By Kathee Mierzejewski
If you’ve been wondering how to grow swiss chard (Beta vulgaris subsp. cicla), you probably enjoy greens tremendously. You get a lot of Vitamin A from dark leafy vegetables, and swiss chard is no exception. Swiss chard is actually a beet that really doesn’t produce a bulbous root. These wonderful plants do, however, produce many large, dark leaves that can have red, white or yellow stalks. These leaves are perfect in dishes that include greens.

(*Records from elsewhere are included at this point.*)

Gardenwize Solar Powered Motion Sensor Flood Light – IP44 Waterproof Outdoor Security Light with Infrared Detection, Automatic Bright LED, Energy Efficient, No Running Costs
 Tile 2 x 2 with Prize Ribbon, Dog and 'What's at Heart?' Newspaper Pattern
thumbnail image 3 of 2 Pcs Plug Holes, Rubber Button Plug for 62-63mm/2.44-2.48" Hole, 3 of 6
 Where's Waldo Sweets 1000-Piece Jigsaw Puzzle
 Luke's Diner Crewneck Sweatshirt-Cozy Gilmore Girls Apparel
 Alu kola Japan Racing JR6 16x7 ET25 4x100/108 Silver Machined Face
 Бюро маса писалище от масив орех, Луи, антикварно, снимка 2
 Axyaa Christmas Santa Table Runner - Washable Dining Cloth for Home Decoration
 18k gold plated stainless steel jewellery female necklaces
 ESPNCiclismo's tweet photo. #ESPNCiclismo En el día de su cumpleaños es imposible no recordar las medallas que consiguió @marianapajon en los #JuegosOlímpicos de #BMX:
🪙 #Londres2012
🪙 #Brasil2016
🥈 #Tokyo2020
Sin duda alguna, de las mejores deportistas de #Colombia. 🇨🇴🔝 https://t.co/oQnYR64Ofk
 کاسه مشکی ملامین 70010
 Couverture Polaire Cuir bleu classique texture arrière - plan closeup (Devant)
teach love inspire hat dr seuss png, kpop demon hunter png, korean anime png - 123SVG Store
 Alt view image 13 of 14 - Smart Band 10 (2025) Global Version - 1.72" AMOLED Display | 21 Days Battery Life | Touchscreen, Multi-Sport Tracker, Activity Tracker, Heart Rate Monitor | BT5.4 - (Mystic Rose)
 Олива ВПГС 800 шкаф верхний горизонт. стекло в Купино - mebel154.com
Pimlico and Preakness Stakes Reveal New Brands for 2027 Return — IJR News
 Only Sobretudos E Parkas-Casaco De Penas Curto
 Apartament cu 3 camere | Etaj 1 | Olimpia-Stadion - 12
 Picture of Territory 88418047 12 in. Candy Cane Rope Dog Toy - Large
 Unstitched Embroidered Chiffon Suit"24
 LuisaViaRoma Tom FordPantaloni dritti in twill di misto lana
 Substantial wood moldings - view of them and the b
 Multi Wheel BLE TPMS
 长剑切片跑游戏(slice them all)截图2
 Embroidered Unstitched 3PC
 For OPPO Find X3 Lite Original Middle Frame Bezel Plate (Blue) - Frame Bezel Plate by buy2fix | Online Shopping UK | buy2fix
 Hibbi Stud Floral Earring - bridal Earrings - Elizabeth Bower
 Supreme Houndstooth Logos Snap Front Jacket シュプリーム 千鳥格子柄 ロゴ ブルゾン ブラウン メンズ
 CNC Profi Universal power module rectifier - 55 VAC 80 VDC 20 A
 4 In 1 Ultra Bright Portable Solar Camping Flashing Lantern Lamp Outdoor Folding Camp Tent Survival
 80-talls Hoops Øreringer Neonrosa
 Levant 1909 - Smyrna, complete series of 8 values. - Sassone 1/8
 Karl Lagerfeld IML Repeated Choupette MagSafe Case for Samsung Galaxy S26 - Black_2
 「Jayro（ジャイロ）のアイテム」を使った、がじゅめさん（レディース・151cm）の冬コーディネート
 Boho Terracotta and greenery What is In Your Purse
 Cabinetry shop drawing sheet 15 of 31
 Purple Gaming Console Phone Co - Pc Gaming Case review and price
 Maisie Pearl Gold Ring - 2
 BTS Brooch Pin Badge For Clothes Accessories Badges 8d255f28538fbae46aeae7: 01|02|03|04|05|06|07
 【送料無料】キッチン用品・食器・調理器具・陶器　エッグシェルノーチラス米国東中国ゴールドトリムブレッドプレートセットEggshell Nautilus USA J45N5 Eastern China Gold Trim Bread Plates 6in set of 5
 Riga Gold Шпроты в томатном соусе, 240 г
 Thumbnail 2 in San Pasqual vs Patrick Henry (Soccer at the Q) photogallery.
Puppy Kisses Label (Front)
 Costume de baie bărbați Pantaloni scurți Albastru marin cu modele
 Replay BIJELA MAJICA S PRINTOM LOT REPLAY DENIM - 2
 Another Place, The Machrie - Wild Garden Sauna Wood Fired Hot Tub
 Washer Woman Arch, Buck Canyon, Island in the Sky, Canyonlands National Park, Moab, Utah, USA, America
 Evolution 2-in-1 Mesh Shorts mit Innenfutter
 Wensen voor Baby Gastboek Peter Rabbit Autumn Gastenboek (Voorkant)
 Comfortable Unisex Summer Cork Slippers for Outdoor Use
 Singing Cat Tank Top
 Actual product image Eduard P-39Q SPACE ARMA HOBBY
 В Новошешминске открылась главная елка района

How Do I Plant Swiss Chard?
One of the best tips for growing swiss chard is to plant the seed early. By early, this means getting the seeds planted in early to mid spring. There are no swiss chard planting dates that are exact and no exact rules on how to grow swiss chard. Watch and make sure all signs of frost are over because the soil has to be at least 50 F. (10 C.) for the seeds to germinate. It should also be loose and well draining. Locate the plants in a full sun to partially shaded area of the garden.
Another good tip for growing swiss chard is to plant the swiss chard seeds directly into the ground about ¼ to ¾ inches deep. You can put eight to ten seeds per foot of row planted. Once the plants grow and are a couple of inches tall, thin them to about four to six inches apart.
When the growing swiss chard plants are 9 to 12 inches tall, you can start harvesting them. Swiss chard harvesting, however, the first time around should include picking the whole plant and throwing away the root. Swiss chard harvesting this way ensures enough space for the remaining plants to fully grow.
So long as your swiss chard has been given sufficient water, they can grow to two feet in a season. Plant your swiss chard among other winter vegetables like carrots, turnips, spinach and parsnips. These things all go well together on a winter Sunday dinner table with a good roast.
Late in the fall when you want some swiss chard, harvesting it along with other winter vegetables for the Sunday table is a fresh way to serve your family a decent dinner. Enjoy fresh swiss chard until the first frost.